The much used and community despised anti-copy protection system SecuROM isn’t to blame for limited installs or online activations says Capcom’s Christian Svensson.
Those decisions are taken by the publishers and development studios themselves, and it’s how they’re ”implemented and, furthermore, how it’s communicated” or not to gamers.
”They have been an excellent partner and I think they are, quite frankly, much maligned for things that they are not necessarily responsible for,” said Capcom vice president Svensson, in an interview with VideoGamer.com.
”SecuROM is as onerous or innocuous as a developer or publisher chooses to make the policies. You can decide, for example, what is the appropriate number of concurrent installs.”
A major sore point for PC gamers is the number of times a game is now ‘permitted’ to be installed. However Svensson points out that in fact you can install the game are many times as you want actually, this measure is meant to stop the game being installed on more than five PCs at once for example - not to only ever be installed just five times.
”So instead of having five installs for life, as long as you provide a revoke tool or some other mechanism to revoke, or you have the revoke tool happen transparently via uninstall, you can install or uninstall a million times, but you can only have it on three, five, seven, ten, whatever the policy you chose to hold, machines at any one time,” he explained.

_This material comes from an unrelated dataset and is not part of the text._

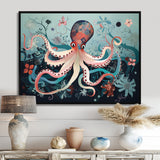 Octopus Deep Sea Retro - Octopus Home Decor Art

The problem is how that system is implemented by the developers and publishers - it’s they that are too blame says Svensson, not the technology or its makers SecuROM.
”The technology itself is not the bad guy. It’s how it’s implemented and, furthermore, how it’s communicated or not communicated to fans.
I think so many people have been beaten up so badly with let’s say more restrictive forms of DRM that they always assume the worst. That’s not always the case.”
Capcom has no intention of cutting ties with SecuROM and plans to keep on using their technology in the future for PC releases. ”We have a good, long-standing relationship with SecuROM. I don’t anticipate that going away any time soon. And to be fair we think it’s actually had really good results for us.”
Do you agree that SecuROM is taking unfair flak?